Crème’s data storage adventures

Jul 16, 2011

The first version of Crème used Core Data. Part of the reason was that I simply wanted to learn the framework, and I’m glad I did it. It’s a really powerful approach and I’m sure I’ll use it in my next desktop applications, when I ever make any.

For Crème, though, it was a bad choice, made worse by my eagerness to model everything as full-blown objects, even when not really necessary. I made a pretty elaborate schema, when in reality I could have done what I do now — keep most data as JSON blobs and keep only the indexes and metadata in some relational form. On devices, large complex tables and large record sizes mean complexity and slower performance. Core Data does many smart things to get around that, but I still hit the wall at one point.

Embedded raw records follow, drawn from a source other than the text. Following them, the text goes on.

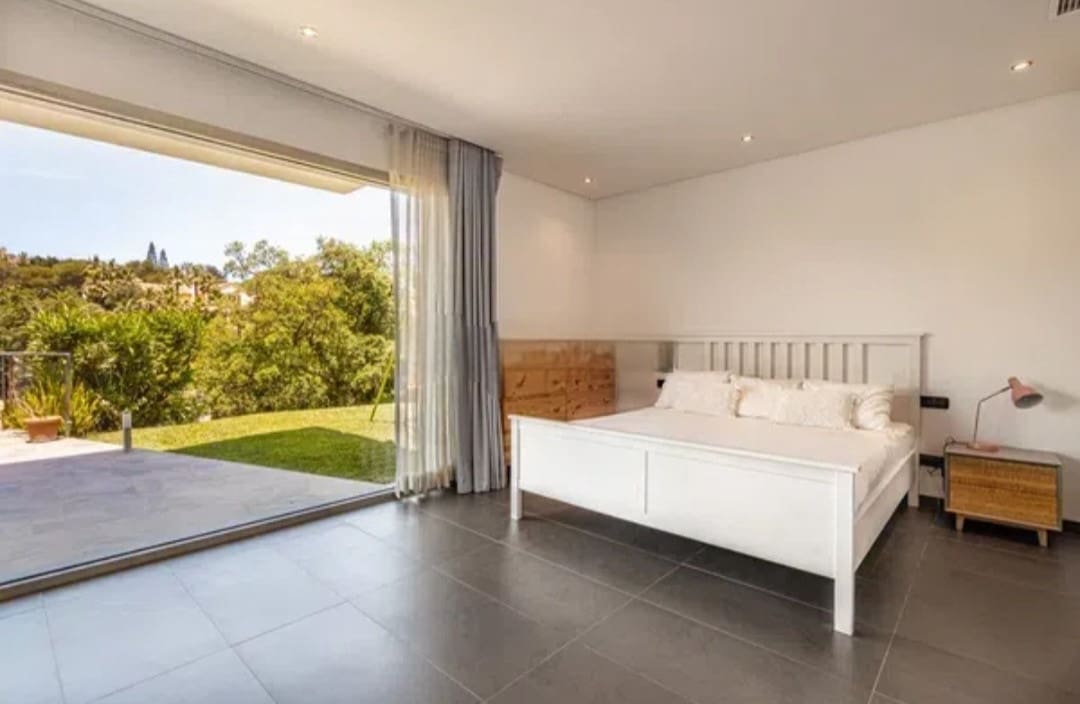 5 soverom Villa til salgs i Sotogrande med garasje - € 1 600 000 (Ref: 8774637)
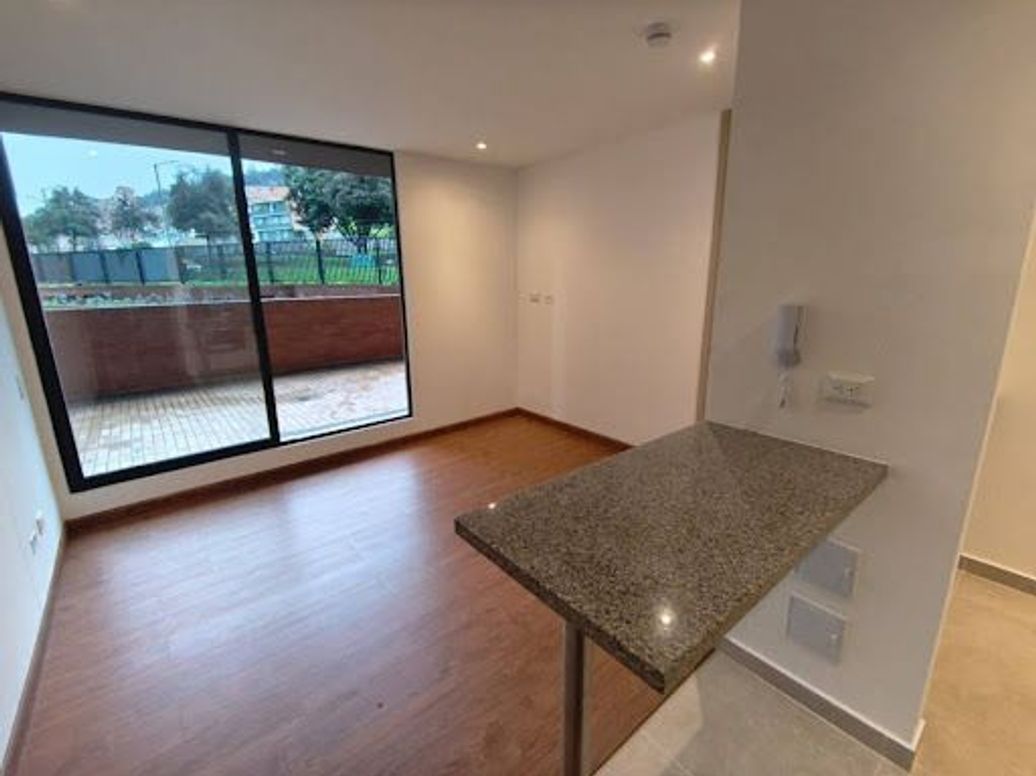 Apartaestudio en venta en El Redil, Bogotá, 59 m² · foto 6 de 12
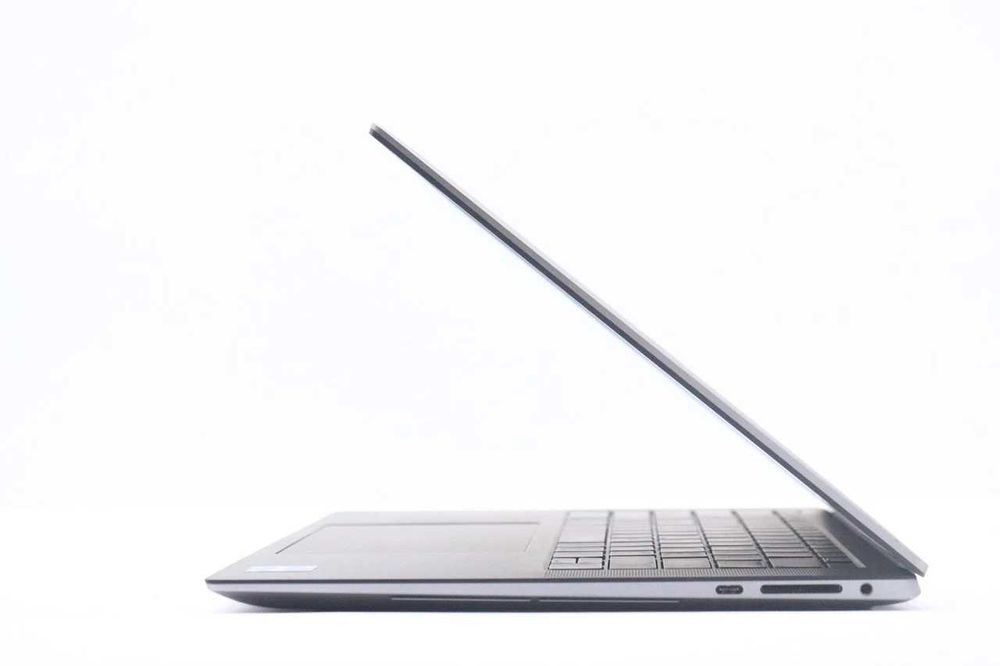 DELL PRECISION 5570 / I7-12700H / 512GB/16GB/Nvidia Rtx A2000 8Gb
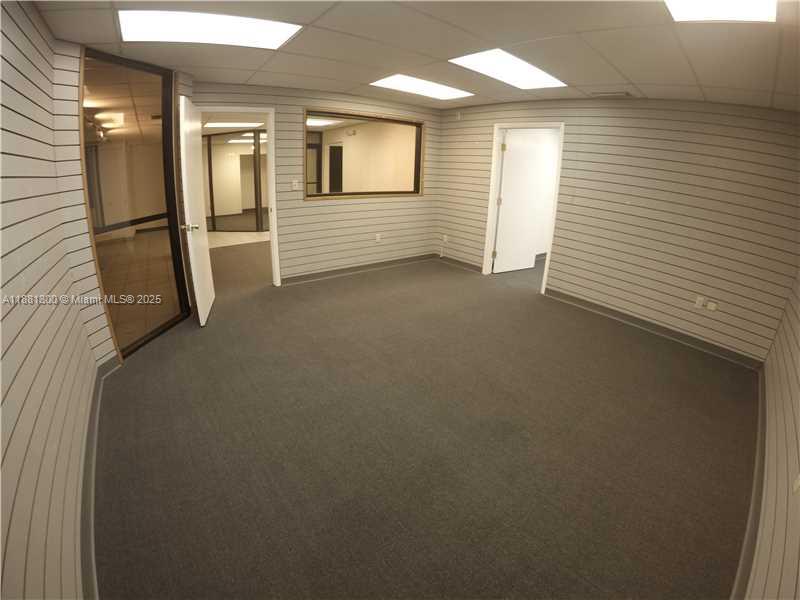 1740  /   sq. ft. $ 2025-09-18 0 Photo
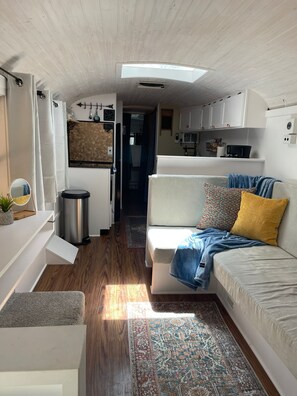 تلفزيون ذكي، كُتُب، مكتبة فيديو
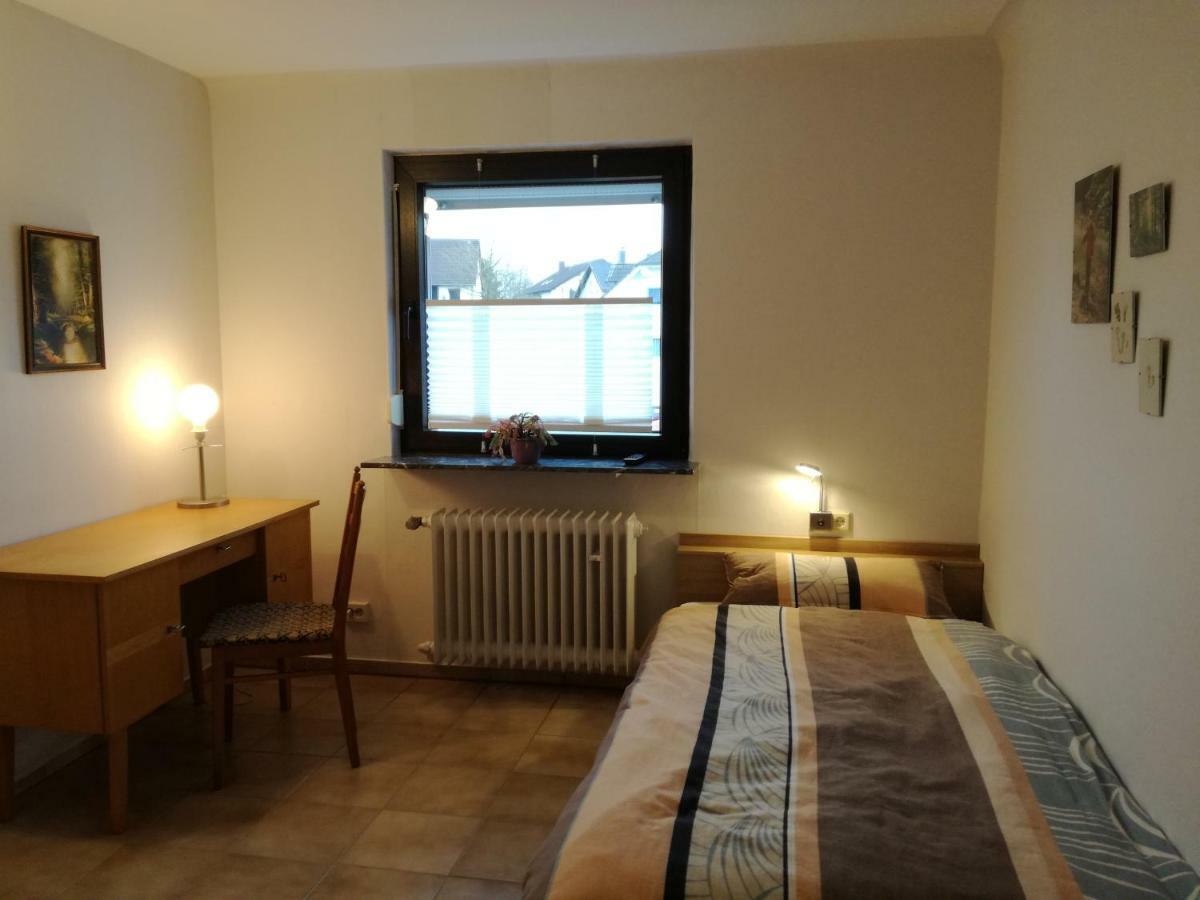 Zimmervermietung St.Wendel Sankt Wendel Bagian luar foto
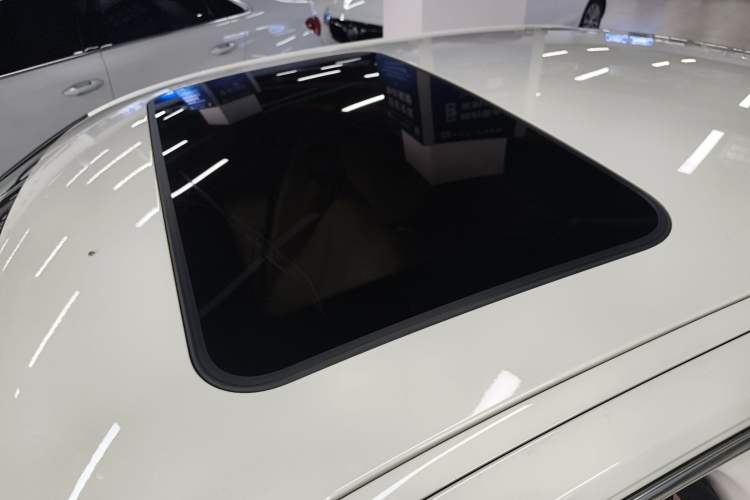 Used BMW 3 Series 2014 320Li Fashion Model
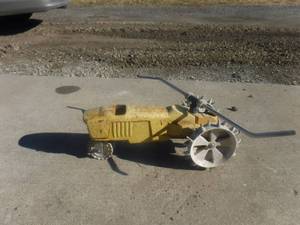 lot 8920 image: Tractor garden sprinkler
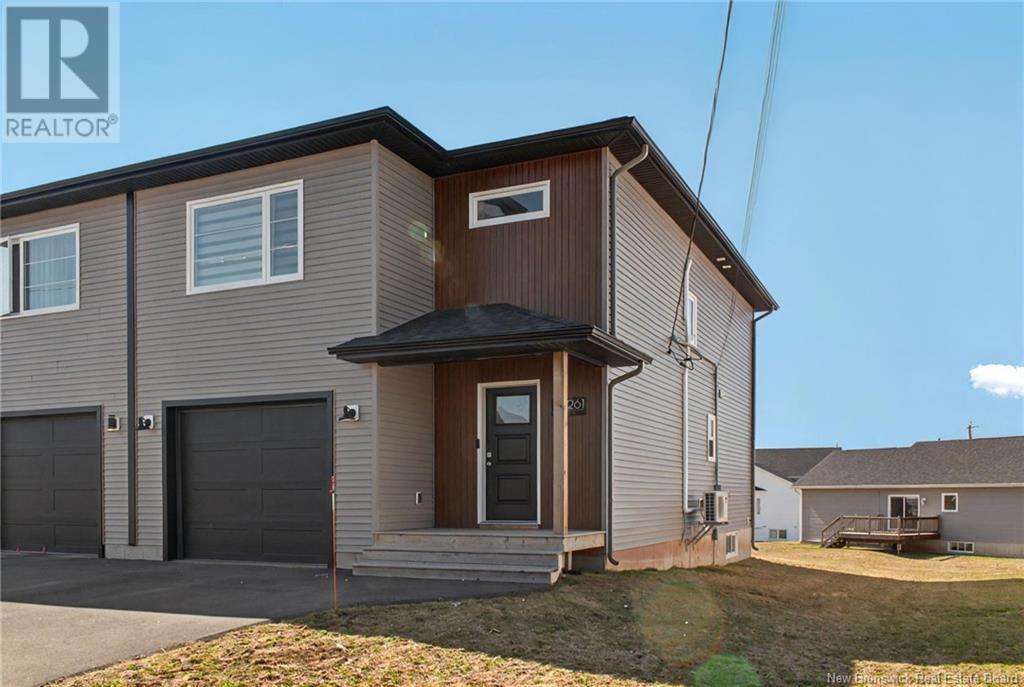 261 Lorette St, Dieppe, NB E1A 8M4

A big problem I had was with multithreading. I would put objects into Core Data in a background thread, and signal the main thread which would try to read them… and they simply weren’t there. Now, there are warnings over all the docs that threads are hard to begin with, and with Core Data even more so. I’m not blaming the system, I’m sure it worked correctly, I was simply unable to bend it to my will completely.

Brent Simmons of NetNewswire has an excellent post that sums up many of my troubles. I’ll add that you can’t create multicolumn indexes in Core Data, you can only index individual properties. So with more complex predicates, performance will go down.

So, I figured I need alternatives, and asked myself, what’s the OPPOSITE of Core Data? What’s the simplest way to store data? Forget any SQL and such.

Cocoa has an easy answer—you can marshal and unmarshal Foundation objects (like NSDictionary, NSArray…) to disk. And with being able to filter arrays containing dictionaries quite easily with keypath predicates, you have a rudimentary database. I was curious to see how far I would get this approach, and started by structuring the data correctly. All the full objects (tweets, DMs) are stored as separate JSON blobs, and I construct simple separate indexes for the metadata (e.g tweet IDs ordered by time for a given view).

This simple object marshaling actually worked quite well, but performance started to suck quite quickly. Disk access is really expensive on devices, and when you need to open and close a lot of files, it has massive overhead.

The third and final approach was a tried and true SQLite database over the FMDB bridge. I hadn’t written raw SQL in a while, it brought me back nice memories of my earlier web developer days. But a properly structured and indexed database on a device can work wonders. As Simmons says, you can examine the query plans and tweak the indexes until you don’t see any full scans for common operations any more. Not so with Core Data, that is basically a black box whom you can’t really examine and tweak.

One caveat is that FMDB’s docs are kind of lacking. But the source and headers are not that long and complicated, you can just look at those, or the rudimentary bundled example.

When you pull down in the Crème view to update your data, you’ll notice that it’s doing “housekeeping.” This means removing older read tweets from the indexes to keep the app fairly snappy. Crème stores a few hundred tweets per page. So if you’ve added twenty pages to Crème, theoretically we’d be talking about 4,000 objects. This works fine.

Out of curiosity, I initially did not have the housekeeping code and let the database grow as much as it liked and wanted to see what impact it has on performance. It grew a bit above 20,000 objects. Everything still functioned fine, but some of the loading delays became too big for my liking, upwards of several seconds. So hence housekeeping.

One thing not to be under-appreciated is the developer experience and how easy it is to “get to the metal” and poke around in each of the data objects. With Core Data, you’re effectively working with a black box. You have neither visibility nor control into how it really works. Yes, you can debug the SQL, and you can poke around the constructed SQLite database, but you feel dirty and that you’re not supposed to be doing that, kind of like peeking at your older brother’s girlie magazines when he’s not looking.

Using Foundation objects marshaled to/from disk, while terrible from a runtime performance perspective, is delightful, when set up correctly. When you keep Finder open next to Simulator, you can see the data objects appearing/disappearing on disk in realtime. When you’re interested, you can launch any of them directly in a text editor and see if they were saved or loaded correctly. When there’s a bug, it’s easy to spot and trace.

SQLite is similar to that, but you’ll need a tool. The commandline tool works, but all that typing is a waste of time. I don’t know of any good free SQLite GUIs for the Mac, so I got Base from the Mac App Store and it worked great.

None of this helps when working on a device though. The best I can tell, there’s no way to easily poke around the device’s filesystem as a developer if you haven’t jailbroken anything, even just to explore your app’s guts. You just have to get it working on Simulator and hope for the best. I hope Apple is considering some kind of developer/debugging bridge to the device’s file system for this kind of storage debugging in the future versions of Xcode and iOS.